Saat Umar berada di depan Hajar Aswad ia berkata, “saya tahu bahwa engkau adalah batu. Seandainya saya tidak melihat Rasulullah menciummu, saya tidak akan menciummu.”
Pernah ditanyakan kepada Abdullah bin Umar tentang ketentuan shalat safar dalam Al-Quran. Ibnu Umar menjawab, “allah SWT telah mengutus Nabi Muhammad SAW kepada kita dan kita tidak mengetahui sesuatu. Maka sesungguhnya kami berbuat sebagaimana kami melihat Rasulullah berbuat.”
diceritakan dari Sa’ad bin Musayyab bahwa Usman bin Affan berkata, “saya duduk sebagaimana duduknya Rasulullah Saw, saya makan sebagimana makannya Rasulullah, dan saya akan shalat sebagaimana shalatnya Rasulullah SAW.”
Maka banyak lagi contoh-contoh yang menunjukkan bahwa apa yang diperintahkan, dilakukan, dan diserukan oleh Rasulullah SAW, selalu diikuti oleh umatnya, dan apa yang dilarang selalu ditinggalkan oleh mereka.

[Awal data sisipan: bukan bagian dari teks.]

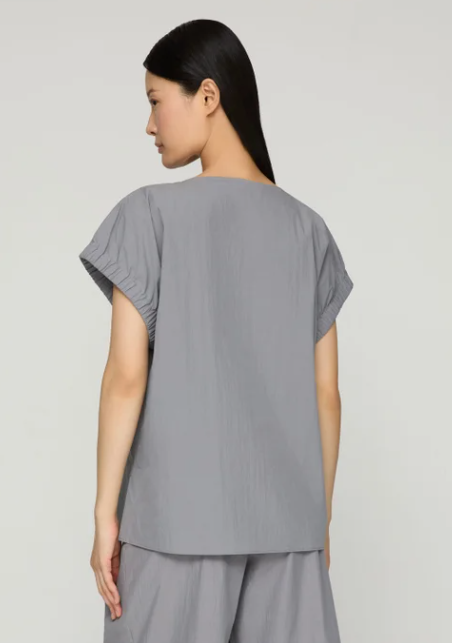 Travel Cotton Gathered Cuff Shirt-Clothing-Lafayette 148-Titanium-XS-Mercantile Portland
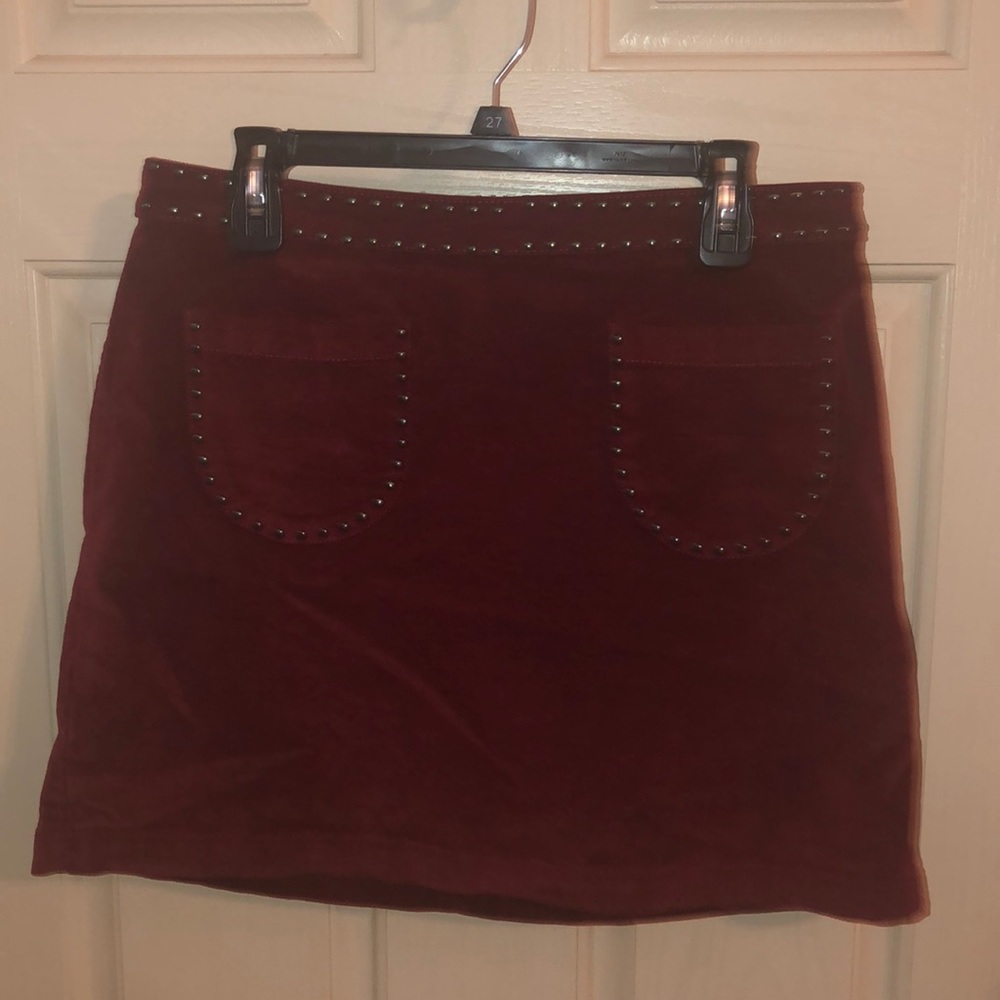 Suede mini skirt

D. Sesuai Dengan Petunjuk Akal (Ijtihad)
Kerasulan NAbi Muhammad SAW telah diakui dan dibenarkan oleh umat Islam. Di dalam mengemban misinya itu kadangkala beliau menyampaikan apa yang diterimanay dari Allah SWT, baik isi maupun formulasinya dan kadangkala atas inisiatif sendiri dengan bimbingan wahyu dari Tuhan. Namun juga, tidak jarang beliau menawarkan hasil ijtihad semata-mata mengenai suatu masalah yang tidak dibimbing oleh wahyu. Hasil ijtihad beliau ini tetap berlaku sampai ada nash yang menasakhkan.
Bila kerasulan Muhammad SAW telah diakui dan dibenarkan, maka sudah selayaknya apabila segala peraturan dan eprundang-undangan serta inisiatif beliau, baik yang beliau ciptakan atas bimbingan wahyu atau hasil ijtihad semata ditempatkan sebagai sumber hukum dan pedoman hidup. Di samping itu, secara logika kepercayaan kepada Muhammad SAW sebagai Rasul mengharuskan umatnya menaati dan mengamalkan segala ketentuan yang beliau sampaikan.
Dari uraian di atas dapat diketahui bahwa hadits merupakan salah satu sumber hukum dan sumber ajaran Islam yang menduduki urutan kedua setelah Al-Quran. Sedangkan bila dilihat dari segi kehujjahan, hadits melahirkankan hukum zhanni, kecuali hadits yang mutawatir.